Want A Real Scare? Colossal Asteroid To Whiz Past Earth On Halloween — And Miss By A Hair


Remember a couple years ago when drivers in Russia filmed a meteorite exploding in the Earth’s atmosphere? That puppy was 55 feet wide. Keep that in mind when you read about asteroid 2015 TB145. It’s 1,542 feet in diameter, or about 28 times bigger than the famous Chelyabinsk meteor.

And this asteroid is hurtling toward Earth right now, scheduled to just barely whizz past us at 78,000 miles per hour — on Halloween, no less, Science Alert reported.

Don’t head to your apocalypse bunkers yet. Although the Halloween asteroid has been described as so “eccentric” that NASA only just found it three weeks ago, the agency is quite confident it will not slam into us.

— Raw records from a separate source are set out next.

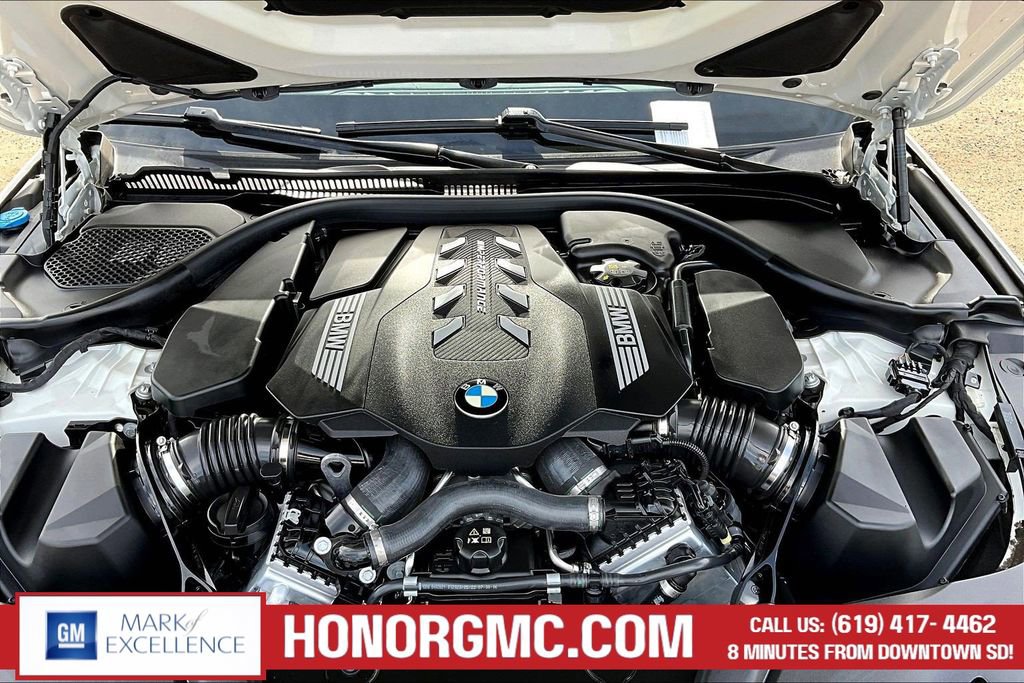 Used 2023 BMW M550i xDrive image 29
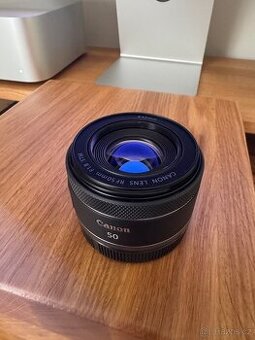 objektiv Canon RF 50 mm f/1,8 STM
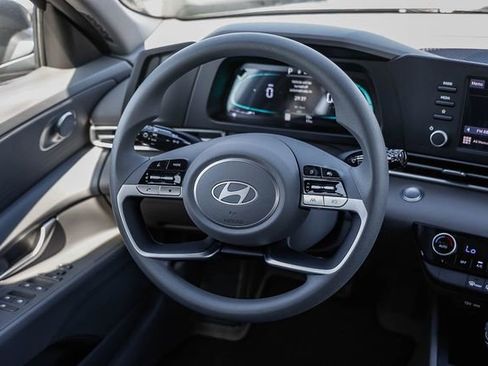 New 2026 Hyundai Elantra Hybrid FWD image 16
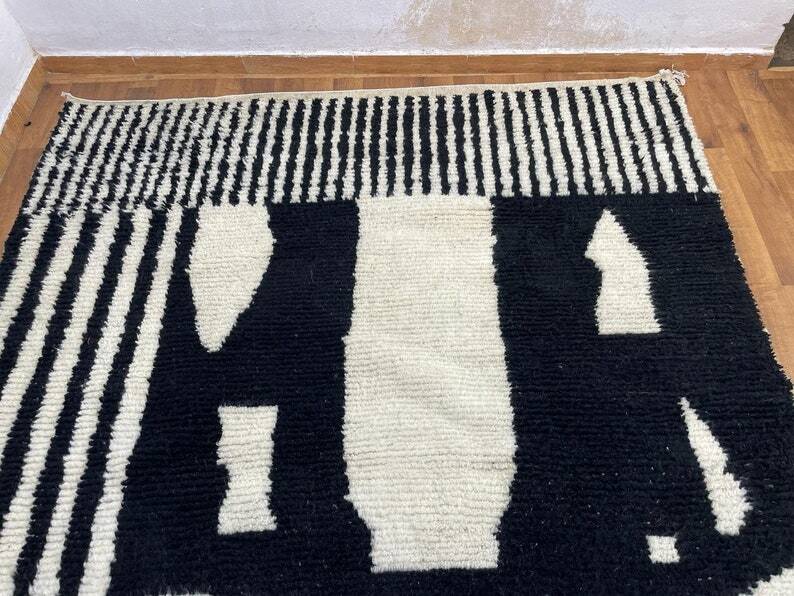 Large handmade bjaad rug 300cm x 200cm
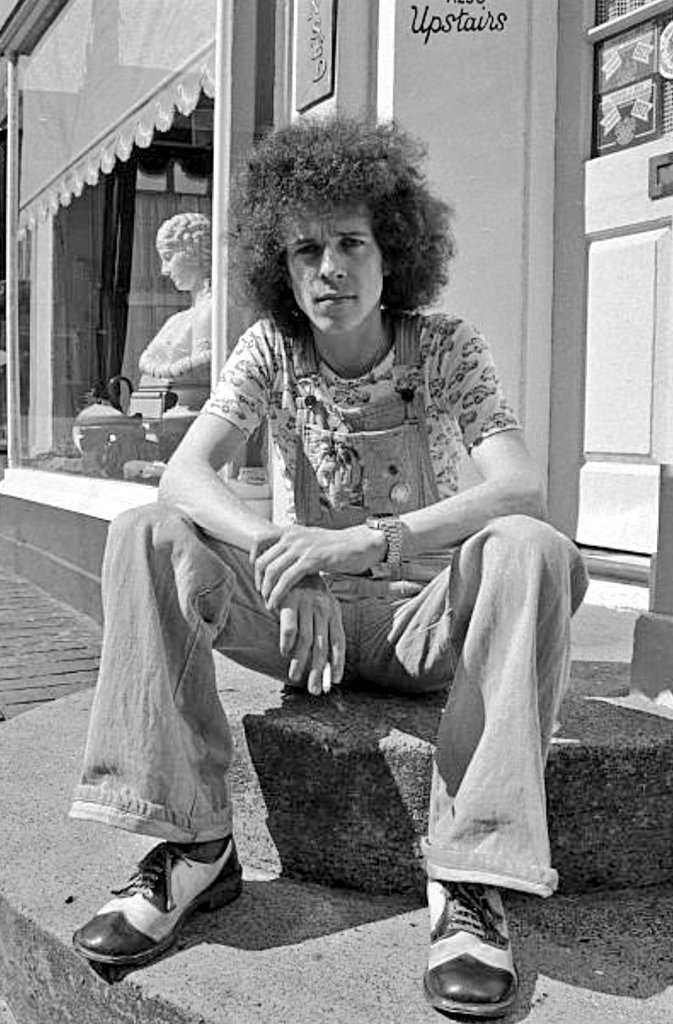 Happy Birthday to British singer songwriter Leo Sayer, born on this day in Shoreham-by-Sea, Sussex in 1948.   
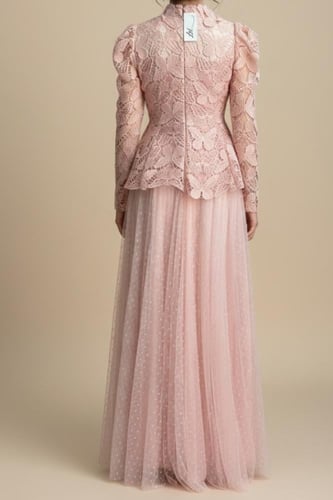 تيور دانتيل مع تل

That would certainly ruin everyone’s trick-or-treat plans.

Asteroid heading for Earth on Halloween
Photo Courtesy Sean Locke Photography / Shutterstock

The Halloween asteroid is notable because it’s the closest anything like it has come to the planet since 2006, and nothing will get as close until 2027. Thankfully, that one will also miss us.

Rest assured, warning that an asteroid will just barely miss our delicate blue planet in a couple weeks’ time sounds worse than it actually is, since a “near miss” in space is a heck of a long way — about 310,000 miles from Earth — that’s about 1.3 lunar distances. The one that nearly missed us in 2006 was about 1.1 lunar distances, and the doozy scheduled for 2027 will be about one lunar distance away.

According to the Telegraph, another asteroid passed close by on October 10 and was considered pretty close at 15 million miles away. Once a space rock gets within 4.6 million miles from us, NASA considers it hazardous.

It’s a little unnerving that NASA only just found this colossal Halloween scare ominously flying through space only 10 days ago. The Halloween asteroid was spotted in Hawaii by the Panoramic Survey Telescope & Rapid Response System, which uses astronomical cameras and telescopes from all over the world with the main goal of finding flying objects threatening to smash into Earth.

That sudden discovery is a bit more spine-tingling when you consider the words of NASA Administrator Charles Bolden in 2013, a month after the Chelyabinsk meteor hit Russia.

“From the information we have, we don’t know of an asteroid that will threaten the population of the United States. But if it’s coming in three weeks… pray.”

NASA said this new asteroid is on an “extremely eccentric and high inclination” orbit, which means it was fairly difficult to track down. That orbit also means NASA can’t predict where it will head next, but the agency can say a collision course with Earth on Halloween isn’t on the calendar.

And earthlings with a decent amateur telescope may be able to see it as it safely flies past. The asteroid’s closest approach will happen around 11 a.m. on Halloween, but stargazers will have to look skyward the night before and just before dawn on October 31 to catch it moving “slowly” across the stars, EarthSky added. It will pass through the constellation Orion around dinner time on the east coast.

The asteroid will be too faint to see with the naked eye, however.

This close encounter should remind everyone that detecting and possibly diverting an asteroid should be a priority for the planet. As of this month, 13,251 near-Earth objects have been spotted, 877 of them asteroids with a diameter of nearly a mile. Of these objects, 1,635 are considered Potentially Hazardous Asteroids.

NASA trying to detect asteroids earlier
The giant asteroid Vesta is seen in an image taken from the NASA Dawn spacecraft about 3,200 miles above the surface July 24, 2011. [Photo Courtesy NASA / Getty Images]
Right now, none of them are expected to hit us, and they have a less than 0.01 chance of ruining our day in the next century.

Still, when Bolden warned about space rocks like Chelyabinsk two years ago, he was also trying to stress that NASA needs funding to track these threats. Space agencies are working on improving detection, but money is always an issue. And if we do see one heading toward Earth, and it’s not a near miss, we’re going to have to figure out what we can do to push it out of the way.

Thankfully for now, this coming asteroid will be a near miss, although come Halloween, earthlings may hold their breath together as it whizzes past.